Does data, like a celestial body, have its own gravitational pull that attracts applications and services into its orbit? That was the proposal in 2010 by VMware’s Dave McCrory who has recently put some mathematical prowess beneath his principle. In his new website, DataGravity.org, McCrory outlines the formula for data gravity and asks the technical community for help in vetting and applying his formula.
In a 2011 post about data gravity, McCrory describes the basics of his principle.
Data Gravity is a theory around which data has mass. As data (mass) accumulates, it begins to have gravity. This Data Gravity pulls services and applications closer to the data. This attraction (gravitational force) is caused by the need for services and applications to have higher bandwidth and/or lower latency access to the data.
This principle has deeply resonated with the technical community. This topic is frequently discussed at conferences including the recent GigaOM Structure, and written about in articles such as the ReadWriteCloud piece entitled What "Data Gravity" Means to Your Data. In that article, author Jon Brockmeier warns against casual investment in data storage that may generate significant gravity.
Whether it's a single-user application like iTunes, or a company wide project: You need to consider the implications of data gravity - once your data is in, how hard will it be to break the gravitational field?
The stronger the data gravity involved, the more cautious you should be when you choose your data storage solution. It's likely that once you have a sufficient amount of data wrapped up in a solution, it's going to be very difficult (if not impossible) to justify the costs of moving it away.
On McCrory’s DataGravity.org site, he described his approach for quantifying this principle. First, he tackled the calculation of data Mass.
The first thing that I learned was that in order to have Gravity, you must calculate Mass. While this is trivial Physics, applying this to an abstract concept is a bit more difficult. After a great deal of time and many versions, I have a current Mass formula for Data and a Mass formula for Applications (either or both of these could change at some point)
He decided to calculate Data Mass by multiplying data volume (equal to the size of the data measured in megabytes) by the data density (which is the compression ratio of the data).
After that, McCrory calculated Application Mass by multiplying application volume (generated by adding amount of memory used plus the amount of disk space used) by the application density (produced by adding the compression ratio of the memory, compression ratio of the disk space, and the total amount of CPU utilization).
To account for significant impact of the network on data gravity, McCrory injects variables for network latency, network bandwidth, the number of requests per second, and the average size of requests. He combines all of these factors to arrive at a calculation for data gravity. In an interview with InfoQ, McCrory shared that he considered and discarded many additional variables. He attempted to factor in the impact of create/read/update/delete operations for a given data mass and even the type of storage that the data rested upon, but ultimately decided that the formula below captured the key aspects of data gravity.
McCrory considers the number produced by this calculation to be relative to the network that data exists in. According to McCrory, each network is a universe, and a given data mass exists in that universe. While one could fruitfully compare data gravity numbers between two objects within the same network, McCrory does not yet have enough information to confidently compare the data gravity for one network versus the data gravity from another network.
On the DataGravity.org site, McCrory lists a few of the possible uses of this principle.
Reasons to move toward a source Data Gravity (Increase Data Gravity)

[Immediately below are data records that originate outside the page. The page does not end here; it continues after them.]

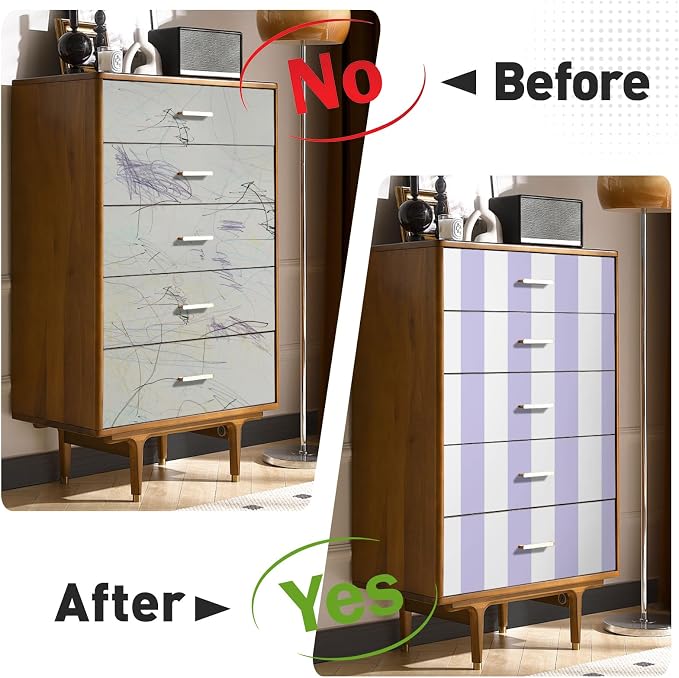 Purple and White Striped Wallpaper Peel and Stick Wallpaper Self-Adhesive Removable Waterproof Wall Paper for Walls Modern Vinyl Film 17.3”x300” - Image 4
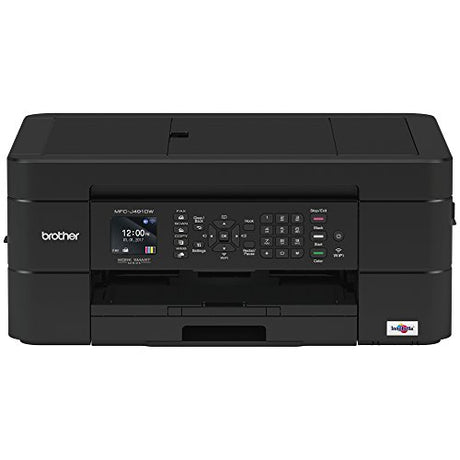 Brother Wireless All-in-One Inkjet Printer, MFC-J491DW, Multi-function Color Printer, Duplex Printing, Mobile Printing,Amazon Dash Replenishment Enabled, Black, 8.5 (MFCJ491DW) Brother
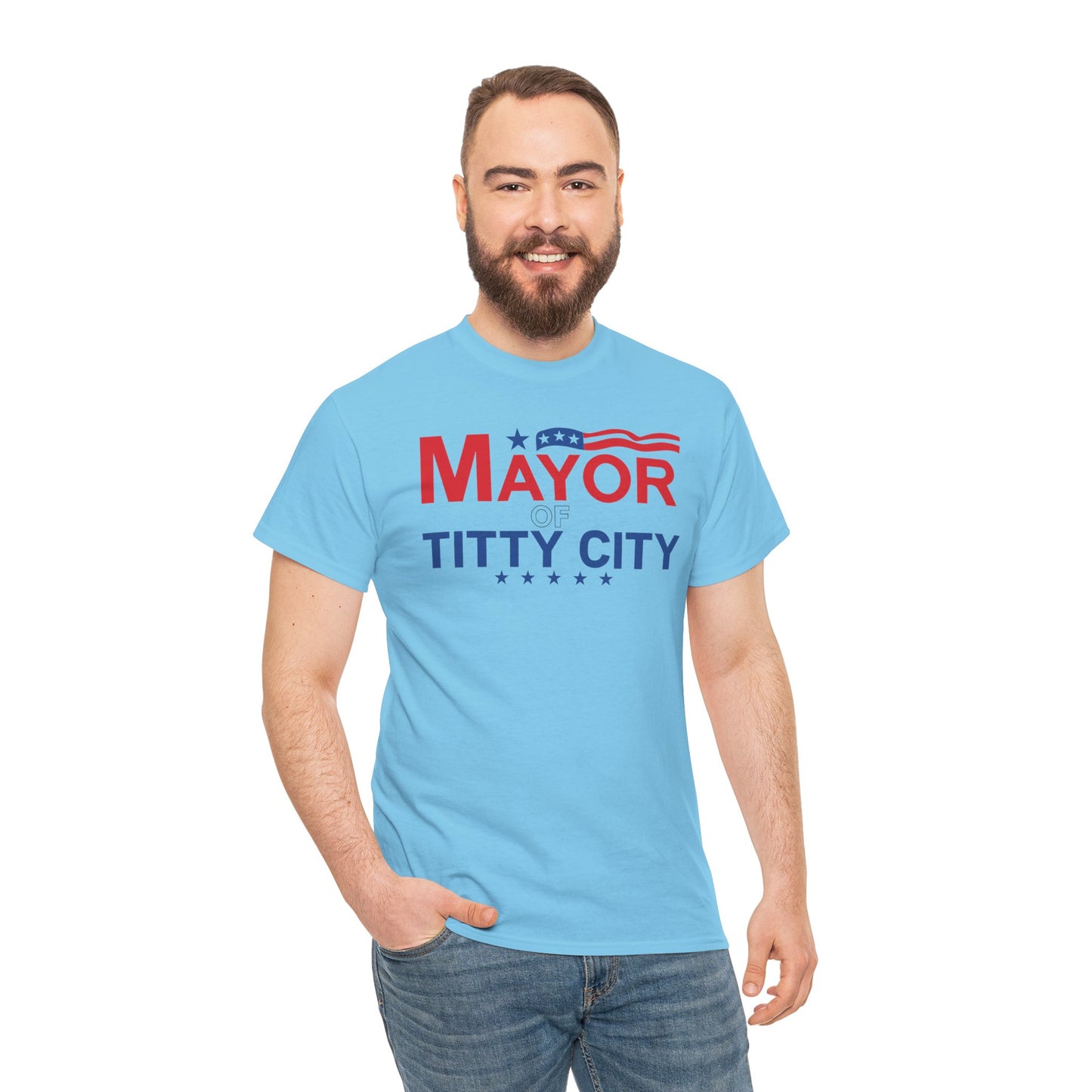 Mayor Of Titty City Funny T-Shirt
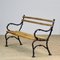 Garden Bench in Cast Iron and Pine, 1920s, 1925 2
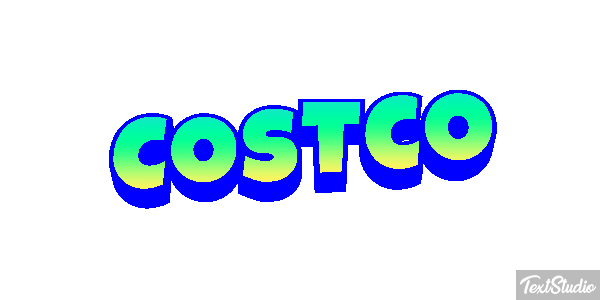 Costco Texteffekt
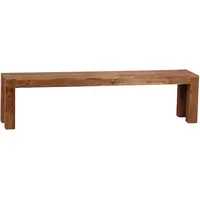 FineBuy Sitzbank Akazie Braun 180 x 35 cm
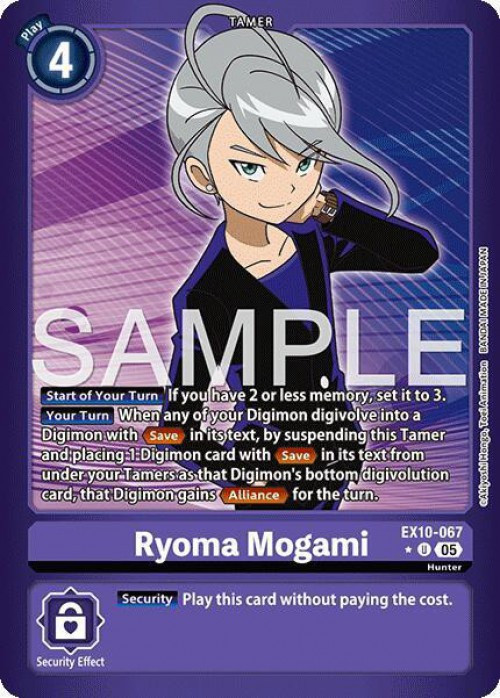 digimon holographic cards Tamer Blue Card (Holographic) Beatbreak Starter Deck (ST Digimon Sinister Order Uncommon Ryoma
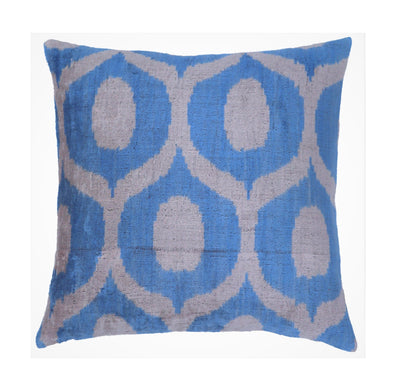 Canvello Handmade Throw Blue Pillows For Couch | 20 x 20 in (50 x 50 cm)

- You need Lower Latency for your Application or Service
- You need Higher Bandwidth for your Application or Service
- You want to generate more Data Mass more quickly
- You are doing HPC
- You are doing Hadoop or Realtime Processing
Reasons to resist or move away from a source of Data Gravity (Decrease Data Gravity)
- You want to avoid lock-in / keep escape velocity low
- Application Portability
- Resiliency to Increases in Latency or Decreases in Bandwidth (aka Availability)
Data Gravity and Data Mass may have other uses as well:
- Making decisions of movement or location between two Data Masses
- Projecting Growth of Data Mass
- Projecting Increases of Data Gravity (Which could signal all sorts of things)
This formula is a work in progress, according to McCrory, and he is actively seeking real-world use cases and tests of this principle.